*** EXTRACTED INFORMATION Section Begins ***

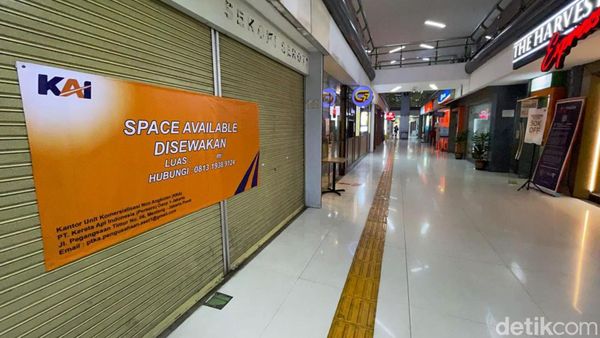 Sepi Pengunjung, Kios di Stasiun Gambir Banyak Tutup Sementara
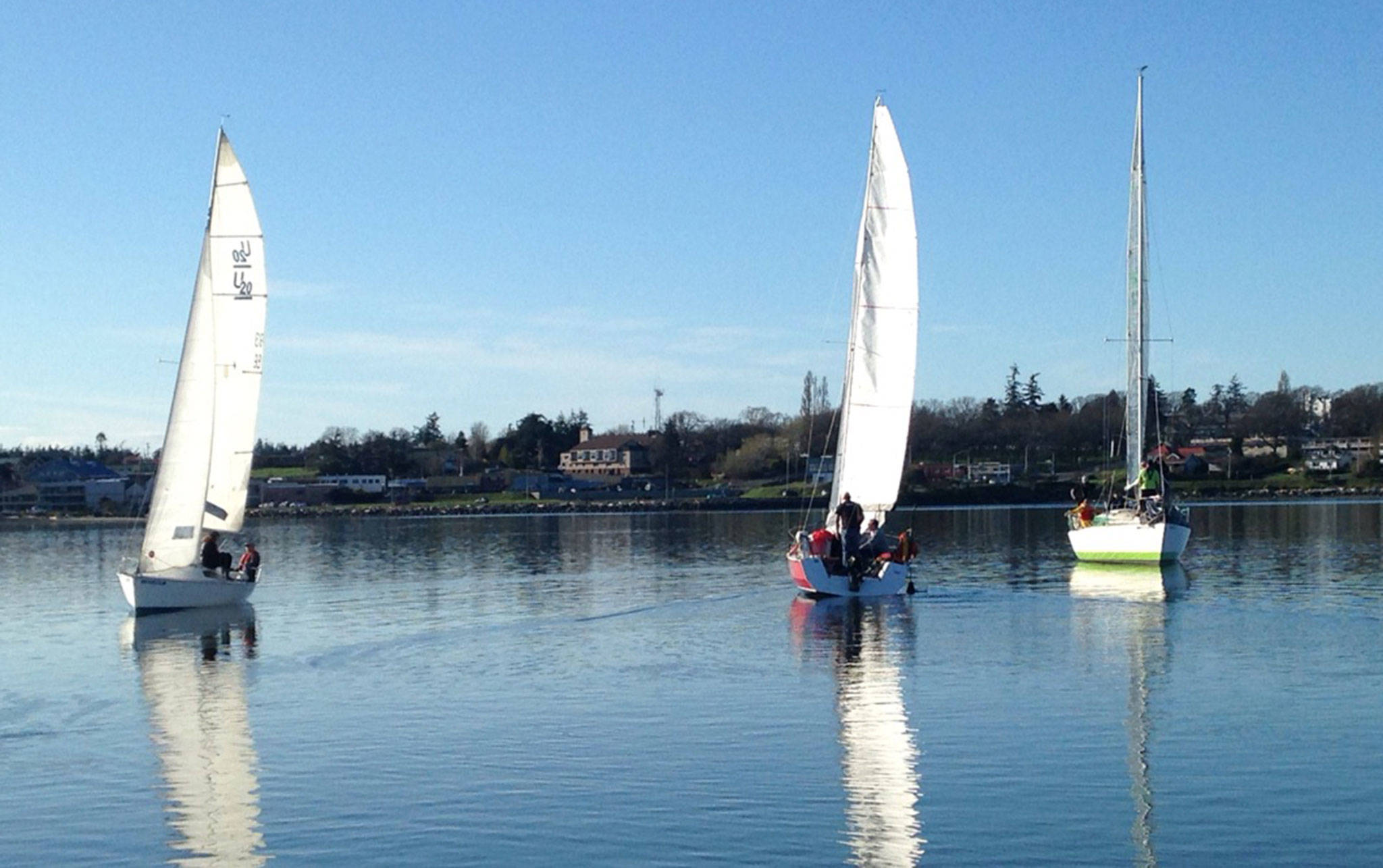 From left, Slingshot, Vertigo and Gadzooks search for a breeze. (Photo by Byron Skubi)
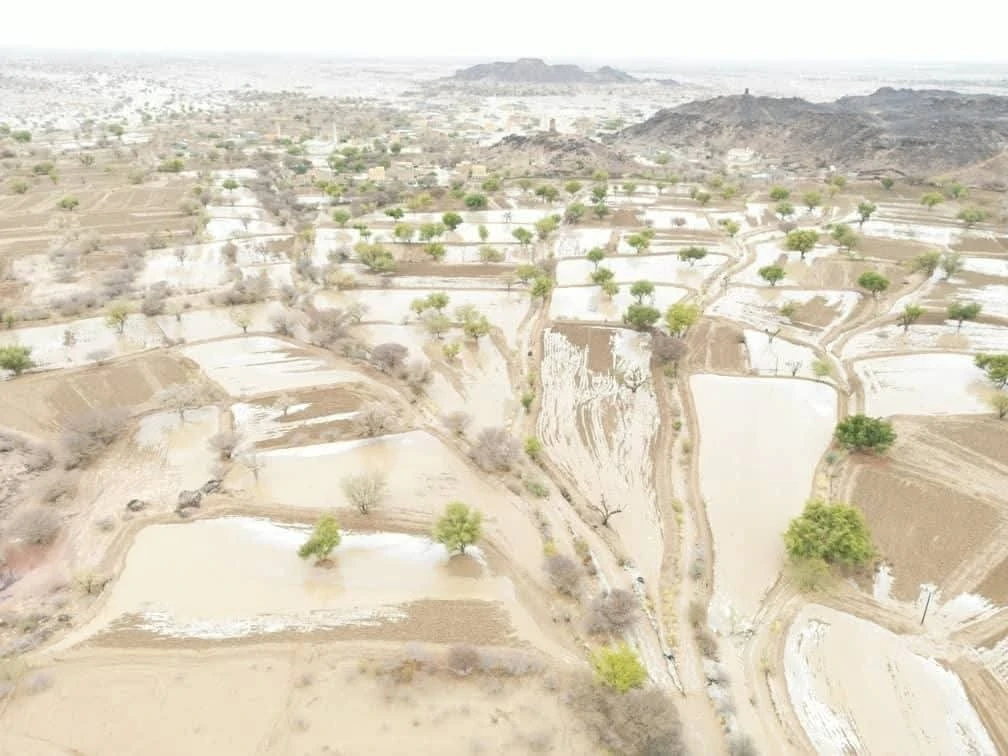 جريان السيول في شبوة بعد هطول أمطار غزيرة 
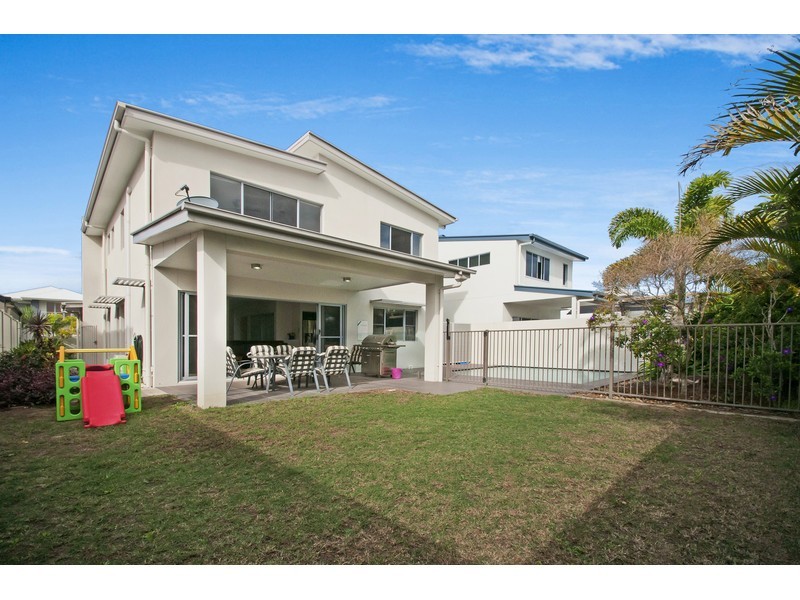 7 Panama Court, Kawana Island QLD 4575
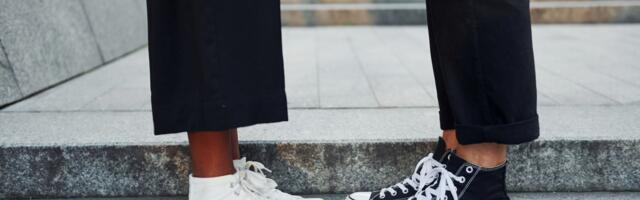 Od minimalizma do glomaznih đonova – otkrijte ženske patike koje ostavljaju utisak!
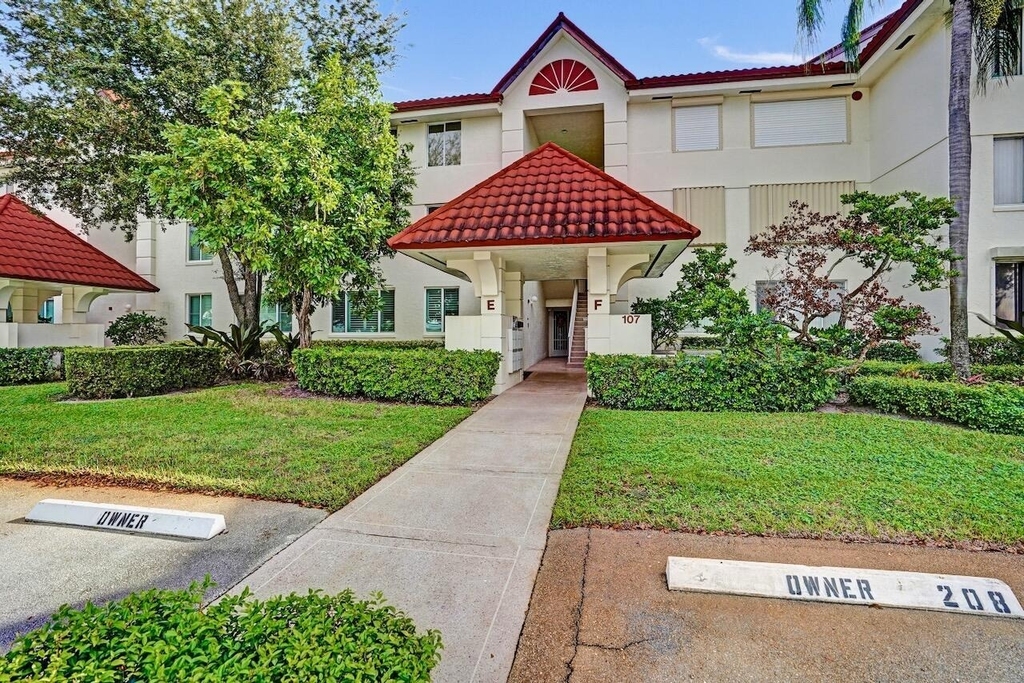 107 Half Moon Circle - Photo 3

*** EXTRACTED INFORMATION Section Ends ***

Please reproduce every record exactly as written, excluding the pictures.

§ TASK RESULT:
 Sepi Pengunjung, Kios di Stasiun Gambir Banyak Tutup Sementara
 From left, Slingshot, Vertigo and Gadzooks search for a breeze. (Photo by Byron Skubi)
 جريان السيول في شبوة بعد هطول أمطار غزيرة 
 7 Panama Court, Kawana Island QLD 4575
 Od minimalizma do glomaznih đonova – otkrijte ženske patike koje ostavljaju utisak!
 107 Half Moon Circle - Photo 3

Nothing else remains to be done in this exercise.